This article is part of Faraday’s Out of the Lab series, which highlights initiatives our Data Science team undertakes and challenges they solve.
What is search engine marketing?
Search engine marketing is the long-established workhorse of digital consumer outreach. Nearly as old as the concept of search engines themselves, SEM is the shared-interest umbrella under which vendors can meet potential customers.
Over the years, the search incumbents (let’s be real here: we’re talking about Google and Microsoft, who combine to hold almost the entirety of search traffic in the United States) have made tools available for marketers to fine-tune their outreach. These can lead to a focus on specific search terms, audience characteristics, dates, times, or even — spoiler alert — geographies.
SEM is now such a mature approach that an entire economic landscape has sprung up around it, based on good ol’ supply and demand. If you want an ad impression included with a popular search term, then you’ll have to outspend your competitors to get it. Conversely, if you’ve got a niche audience, you may find outreach to be pretty cheap — at first.
How predictive geo-targeting can enhance your SEM bidding strategy
Faraday’s bid modifiers are based on the spatial aggregation of individual consumer predictions.

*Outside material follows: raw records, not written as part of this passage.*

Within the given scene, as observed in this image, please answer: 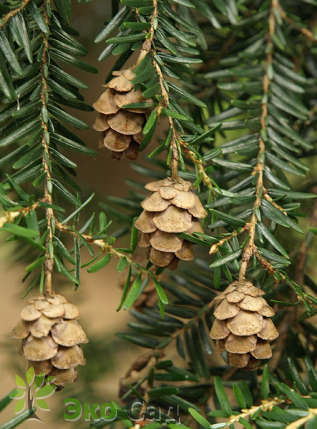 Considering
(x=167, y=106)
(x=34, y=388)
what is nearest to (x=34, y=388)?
(x=34, y=388)

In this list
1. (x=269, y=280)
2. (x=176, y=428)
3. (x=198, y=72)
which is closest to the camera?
(x=176, y=428)

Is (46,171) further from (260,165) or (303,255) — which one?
(303,255)

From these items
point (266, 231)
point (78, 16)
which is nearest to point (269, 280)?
point (266, 231)

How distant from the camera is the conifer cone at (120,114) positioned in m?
0.41

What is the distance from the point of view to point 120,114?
416mm

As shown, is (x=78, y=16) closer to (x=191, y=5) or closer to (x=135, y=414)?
(x=191, y=5)

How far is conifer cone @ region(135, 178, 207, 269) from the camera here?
39 centimetres

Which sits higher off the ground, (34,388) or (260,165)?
(260,165)

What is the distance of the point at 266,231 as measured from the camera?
44cm

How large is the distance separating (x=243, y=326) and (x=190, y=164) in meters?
0.21

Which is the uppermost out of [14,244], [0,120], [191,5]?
[191,5]

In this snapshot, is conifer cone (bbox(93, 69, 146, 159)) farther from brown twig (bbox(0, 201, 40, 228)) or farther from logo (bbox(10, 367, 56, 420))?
logo (bbox(10, 367, 56, 420))

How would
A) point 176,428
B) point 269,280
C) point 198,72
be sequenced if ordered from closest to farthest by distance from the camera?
point 176,428 < point 269,280 < point 198,72

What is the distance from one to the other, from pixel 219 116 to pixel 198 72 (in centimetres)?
9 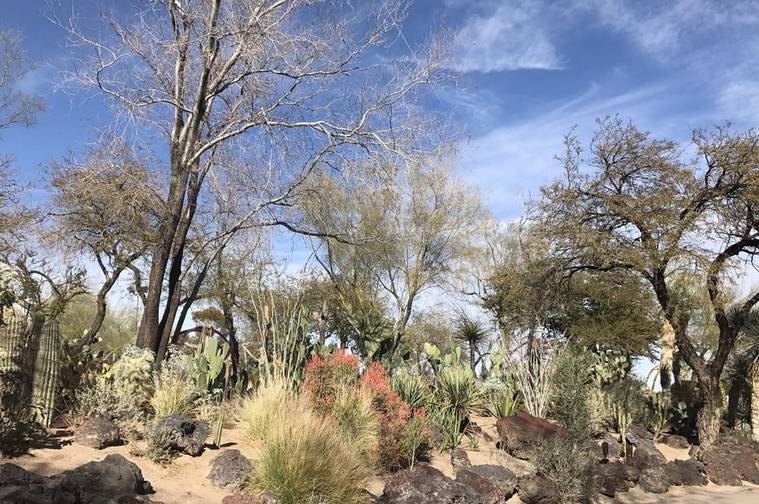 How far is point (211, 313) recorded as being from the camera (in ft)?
91.7

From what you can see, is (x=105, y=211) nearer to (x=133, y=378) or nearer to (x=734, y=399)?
(x=133, y=378)

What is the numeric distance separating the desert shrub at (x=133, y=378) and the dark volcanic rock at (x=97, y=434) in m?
1.27

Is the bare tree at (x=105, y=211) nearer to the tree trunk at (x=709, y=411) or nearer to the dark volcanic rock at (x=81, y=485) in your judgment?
the dark volcanic rock at (x=81, y=485)

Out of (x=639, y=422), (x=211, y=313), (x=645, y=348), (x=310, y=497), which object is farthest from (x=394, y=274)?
(x=310, y=497)

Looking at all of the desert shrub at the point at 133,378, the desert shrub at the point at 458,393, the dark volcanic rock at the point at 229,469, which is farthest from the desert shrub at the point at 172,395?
the desert shrub at the point at 458,393

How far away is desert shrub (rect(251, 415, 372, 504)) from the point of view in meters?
6.90

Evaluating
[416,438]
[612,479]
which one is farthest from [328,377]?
[612,479]

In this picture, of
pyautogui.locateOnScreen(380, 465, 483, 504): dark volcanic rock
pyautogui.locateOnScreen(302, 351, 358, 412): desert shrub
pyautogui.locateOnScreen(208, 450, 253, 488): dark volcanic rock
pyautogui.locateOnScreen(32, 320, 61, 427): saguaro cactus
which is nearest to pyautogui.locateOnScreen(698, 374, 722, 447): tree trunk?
pyautogui.locateOnScreen(380, 465, 483, 504): dark volcanic rock

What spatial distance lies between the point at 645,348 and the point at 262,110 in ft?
51.7

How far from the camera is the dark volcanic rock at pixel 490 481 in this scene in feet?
29.5

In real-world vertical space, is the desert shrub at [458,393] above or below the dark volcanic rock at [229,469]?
above

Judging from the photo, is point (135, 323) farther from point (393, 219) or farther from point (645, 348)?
point (645, 348)

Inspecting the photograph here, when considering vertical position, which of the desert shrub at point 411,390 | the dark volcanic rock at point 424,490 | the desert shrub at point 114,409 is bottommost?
the dark volcanic rock at point 424,490

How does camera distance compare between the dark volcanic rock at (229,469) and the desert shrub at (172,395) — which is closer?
the dark volcanic rock at (229,469) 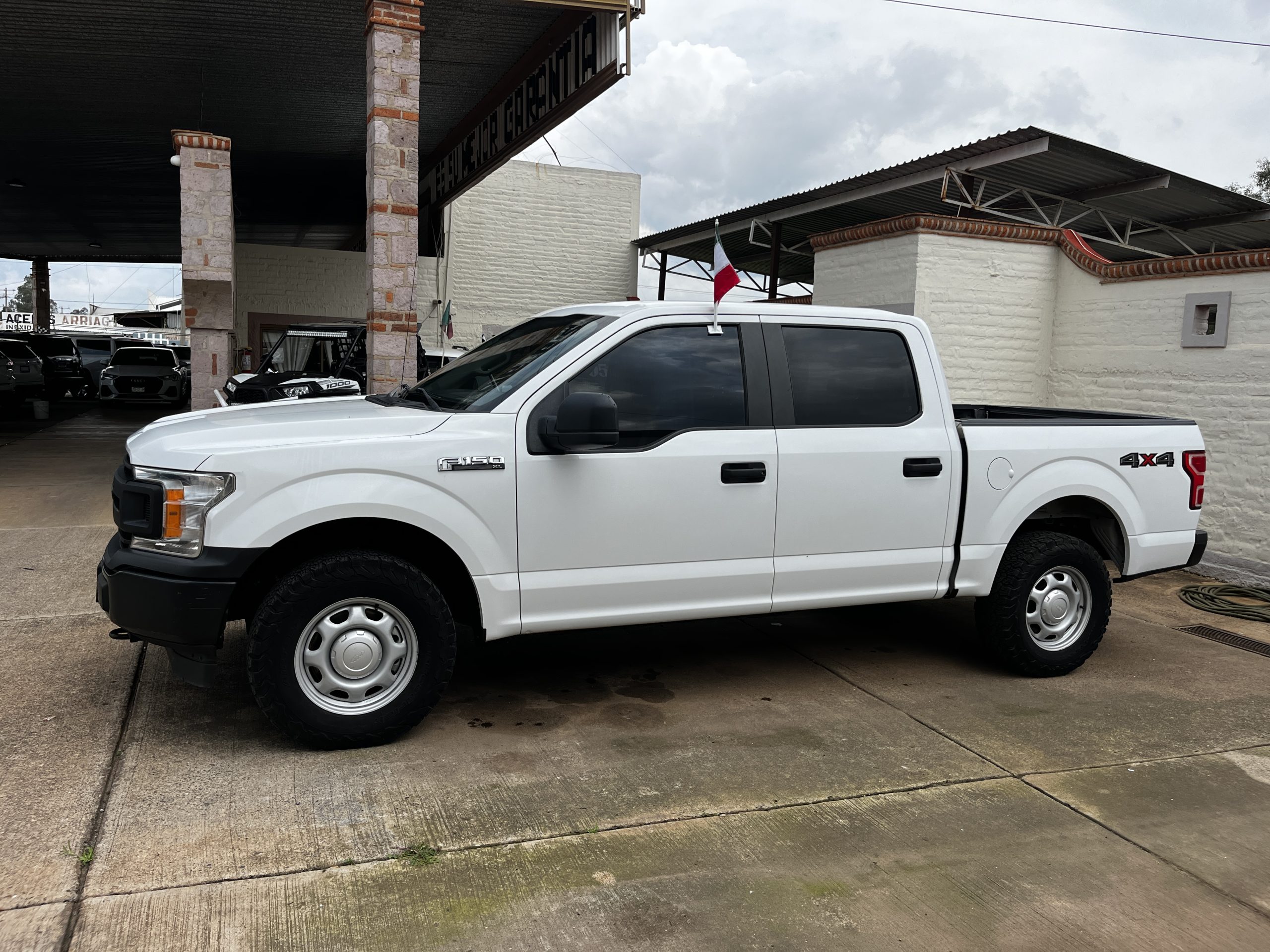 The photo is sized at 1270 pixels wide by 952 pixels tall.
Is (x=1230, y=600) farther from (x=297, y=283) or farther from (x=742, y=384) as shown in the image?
(x=297, y=283)

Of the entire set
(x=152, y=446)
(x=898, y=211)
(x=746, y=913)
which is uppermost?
(x=898, y=211)

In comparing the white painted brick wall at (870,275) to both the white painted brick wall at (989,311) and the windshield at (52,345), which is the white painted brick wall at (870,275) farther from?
the windshield at (52,345)

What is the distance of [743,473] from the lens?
15.8 feet

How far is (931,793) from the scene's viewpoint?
415 centimetres

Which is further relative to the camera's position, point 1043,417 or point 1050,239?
point 1050,239

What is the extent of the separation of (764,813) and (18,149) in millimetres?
20414

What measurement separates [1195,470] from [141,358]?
79.4ft

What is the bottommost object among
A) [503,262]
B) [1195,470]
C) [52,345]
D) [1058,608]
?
[1058,608]

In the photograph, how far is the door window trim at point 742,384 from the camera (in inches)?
179

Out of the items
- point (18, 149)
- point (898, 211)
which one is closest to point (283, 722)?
point (898, 211)

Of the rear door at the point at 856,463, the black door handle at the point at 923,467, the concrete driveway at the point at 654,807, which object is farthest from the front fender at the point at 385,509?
the black door handle at the point at 923,467

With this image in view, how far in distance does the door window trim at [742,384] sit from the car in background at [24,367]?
66.4ft

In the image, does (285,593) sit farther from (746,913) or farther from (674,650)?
(674,650)

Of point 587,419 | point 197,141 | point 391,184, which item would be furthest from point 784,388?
point 197,141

Google and Microsoft both allow for flexible geographic targeting up to a point, which lets us bundle groups of individuals, find the commonalities, and make a recommendation about how much spend advertisers should allocate to each geography.
Using a combination of market size and propensity range, we can divide the landscape into optimal units, each with a recommended modification of the “standard bid,” or what a marketer would pay for each interaction in an information vacuum. Clients who use these bid modifiers typically see increases in ROAS and conversion rates.
Keep in mind that geographic SEM isn’t always the right approach! The toolset continues to expand in the era of AI, and “smart” campaigns are frequently available to auto-tune the parameters of an outreach effort. However, this can cede a lot of decisions to opaque algorithms, and at Faraday we prefer to be transparent — about the factors that define a predictive model, and about the geographic patterns that emerge from those.